ZAHN: So, Eason, were you left with the impression then, based on what this Iraqi official told you, that Iraq would like to provoke an attack by the United States?

JORDAN: Well, Iraqi officials, and I've met with many government ministers here in recent days, they all say they wish a conflict could be avoided, but they really believe, universally, believe a conflict is inevitable, and they say the only way the U.S. government can succeed in changing the regime here is to come in on the ground and have a real fight on the ground, and this Iraqi official did not want to be identified by name, said that the Iraqi military would relish this opportunity, because the Iraqi military wants to fight on its own turf, not in the air, but on the ground.

ZAHN: I just think it's striking how much has changed in the last couple of weeks. Wasn't it the Iraqis after all who were suggesting that a U.N. group should come over to talk about the prospects of talks, and now, as this Iraqi official told you today, that simply is not going to happen, no discussion, no inspections.

JORDAN: Well, I think a lot of independent observers see this discussion between Iraq and the United Nations as essentially a delaying tactic. Iraq would like to put off an invasion, should that indeed come to pass.

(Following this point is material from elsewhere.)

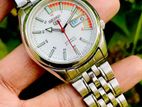 Gorgeous & Exclusive SEIKO 5 SNK369 White Speed Racer Automatic Watch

There's a lot of talk, very little action about letting arms inspectors in here.

And this official today, who is very, very senior, made absolutely clear the U.N. inspections are over. The only way there can be inspections going forward is if there's a very, very short inspection carried out in a few weeks, if a U.S. Congressional delegation comes here with inspectors of its own, and does its investigating, and then goes off on its way, and then the sanctions are ended. That's the only way, according to this Iraqi official, any kind of inspection will go forward.

ZAHN: You've reported a lot this morning that we need to get reaction to, particularly from Congressional leaders about this idea and whether that's at all viable.

Eason Jordan, thank you for everything you've just shared with us from Baghdad.